◆ **Work instructions**
Give again, word for word, each line below starting at the one that contains "Bourbon Goes In" and ending at the one that contains "The thing about".

--- Supplied material Enclosed Below ---

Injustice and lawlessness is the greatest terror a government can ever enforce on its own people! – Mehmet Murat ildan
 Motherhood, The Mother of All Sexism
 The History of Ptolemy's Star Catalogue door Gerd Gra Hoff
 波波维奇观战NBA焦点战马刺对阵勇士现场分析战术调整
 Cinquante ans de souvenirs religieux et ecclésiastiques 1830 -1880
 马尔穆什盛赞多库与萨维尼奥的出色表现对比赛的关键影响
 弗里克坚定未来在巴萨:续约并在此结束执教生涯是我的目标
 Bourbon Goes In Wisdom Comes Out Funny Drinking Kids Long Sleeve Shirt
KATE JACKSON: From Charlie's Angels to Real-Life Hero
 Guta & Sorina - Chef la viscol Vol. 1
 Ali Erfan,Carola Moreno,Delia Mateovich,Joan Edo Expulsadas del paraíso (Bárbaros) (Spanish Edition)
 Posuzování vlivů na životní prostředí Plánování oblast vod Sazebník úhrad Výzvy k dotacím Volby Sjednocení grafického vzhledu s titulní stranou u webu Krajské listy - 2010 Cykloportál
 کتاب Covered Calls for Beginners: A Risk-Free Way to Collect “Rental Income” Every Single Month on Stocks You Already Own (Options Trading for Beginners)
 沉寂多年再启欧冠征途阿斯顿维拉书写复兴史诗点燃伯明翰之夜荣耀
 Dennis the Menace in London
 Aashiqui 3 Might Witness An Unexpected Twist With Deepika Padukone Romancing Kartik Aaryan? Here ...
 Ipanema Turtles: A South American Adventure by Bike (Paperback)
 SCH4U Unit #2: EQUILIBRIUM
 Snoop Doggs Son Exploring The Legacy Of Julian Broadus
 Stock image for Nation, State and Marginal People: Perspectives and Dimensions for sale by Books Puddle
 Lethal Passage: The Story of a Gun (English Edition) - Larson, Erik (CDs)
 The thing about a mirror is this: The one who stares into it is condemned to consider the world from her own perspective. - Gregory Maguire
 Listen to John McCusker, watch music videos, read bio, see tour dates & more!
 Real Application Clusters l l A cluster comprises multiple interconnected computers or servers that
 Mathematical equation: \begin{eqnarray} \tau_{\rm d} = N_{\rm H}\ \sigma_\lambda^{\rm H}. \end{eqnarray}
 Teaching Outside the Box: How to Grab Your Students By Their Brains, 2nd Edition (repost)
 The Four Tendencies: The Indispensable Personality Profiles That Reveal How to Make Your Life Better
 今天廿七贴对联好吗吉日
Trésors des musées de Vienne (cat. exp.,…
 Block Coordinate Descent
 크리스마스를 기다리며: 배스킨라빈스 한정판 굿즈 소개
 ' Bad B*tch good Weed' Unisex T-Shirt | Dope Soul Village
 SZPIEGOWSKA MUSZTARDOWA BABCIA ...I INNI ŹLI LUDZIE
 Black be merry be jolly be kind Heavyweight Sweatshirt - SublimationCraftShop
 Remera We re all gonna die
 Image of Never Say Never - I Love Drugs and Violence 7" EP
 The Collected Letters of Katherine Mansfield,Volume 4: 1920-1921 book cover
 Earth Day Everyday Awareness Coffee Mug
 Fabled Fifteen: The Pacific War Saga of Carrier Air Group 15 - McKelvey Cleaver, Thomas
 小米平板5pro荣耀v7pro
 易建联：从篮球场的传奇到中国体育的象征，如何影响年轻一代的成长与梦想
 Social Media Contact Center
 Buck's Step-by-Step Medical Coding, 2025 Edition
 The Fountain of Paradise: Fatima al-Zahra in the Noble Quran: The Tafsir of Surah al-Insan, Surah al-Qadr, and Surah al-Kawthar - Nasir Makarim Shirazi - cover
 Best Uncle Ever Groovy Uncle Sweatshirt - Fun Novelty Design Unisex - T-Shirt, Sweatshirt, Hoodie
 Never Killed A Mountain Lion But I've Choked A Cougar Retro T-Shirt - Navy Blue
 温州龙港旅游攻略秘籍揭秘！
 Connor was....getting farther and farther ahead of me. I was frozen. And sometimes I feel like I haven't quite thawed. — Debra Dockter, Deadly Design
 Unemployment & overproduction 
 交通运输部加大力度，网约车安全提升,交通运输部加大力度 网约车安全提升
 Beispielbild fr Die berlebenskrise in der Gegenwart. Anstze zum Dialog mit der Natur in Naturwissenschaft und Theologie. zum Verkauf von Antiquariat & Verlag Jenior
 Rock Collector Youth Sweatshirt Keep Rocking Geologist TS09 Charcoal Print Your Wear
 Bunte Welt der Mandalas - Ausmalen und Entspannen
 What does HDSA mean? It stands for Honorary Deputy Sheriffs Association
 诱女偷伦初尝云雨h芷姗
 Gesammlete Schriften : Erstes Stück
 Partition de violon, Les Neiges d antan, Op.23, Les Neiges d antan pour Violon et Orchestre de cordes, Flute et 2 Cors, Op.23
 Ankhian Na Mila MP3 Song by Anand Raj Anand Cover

--- End of Enclosed Supplied material ---

◆ **Output**
 Bourbon Goes In Wisdom Comes Out Funny Drinking Kids Long Sleeve Shirt
KATE JACKSON: From Charlie's Angels to Real-Life Hero
 Guta & Sorina - Chef la viscol Vol. 1
 Ali Erfan,Carola Moreno,Delia Mateovich,Joan Edo Expulsadas del paraíso (Bárbaros) (Spanish Edition)
 Posuzování vlivů na životní prostředí Plánování oblast vod Sazebník úhrad Výzvy k dotacím Volby Sjednocení grafického vzhledu s titulní stranou u webu Krajské listy - 2010 Cykloportál
 کتاب Covered Calls for Beginners: A Risk-Free Way to Collect “Rental Income” Every Single Month on Stocks You Already Own (Options Trading for Beginners)
 沉寂多年再启欧冠征途阿斯顿维拉书写复兴史诗点燃伯明翰之夜荣耀
 Dennis the Menace in London
 Aashiqui 3 Might Witness An Unexpected Twist With Deepika Padukone Romancing Kartik Aaryan? Here ...
 Ipanema Turtles: A South American Adventure by Bike (Paperback)
 SCH4U Unit #2: EQUILIBRIUM
 Snoop Doggs Son Exploring The Legacy Of Julian Broadus
 Stock image for Nation, State and Marginal People: Perspectives and Dimensions for sale by Books Puddle
 Lethal Passage: The Story of a Gun (English Edition) - Larson, Erik (CDs)
 The thing about a mirror is this: The one who stares into it is condemned to consider the world from her own perspective. - Gregory Maguire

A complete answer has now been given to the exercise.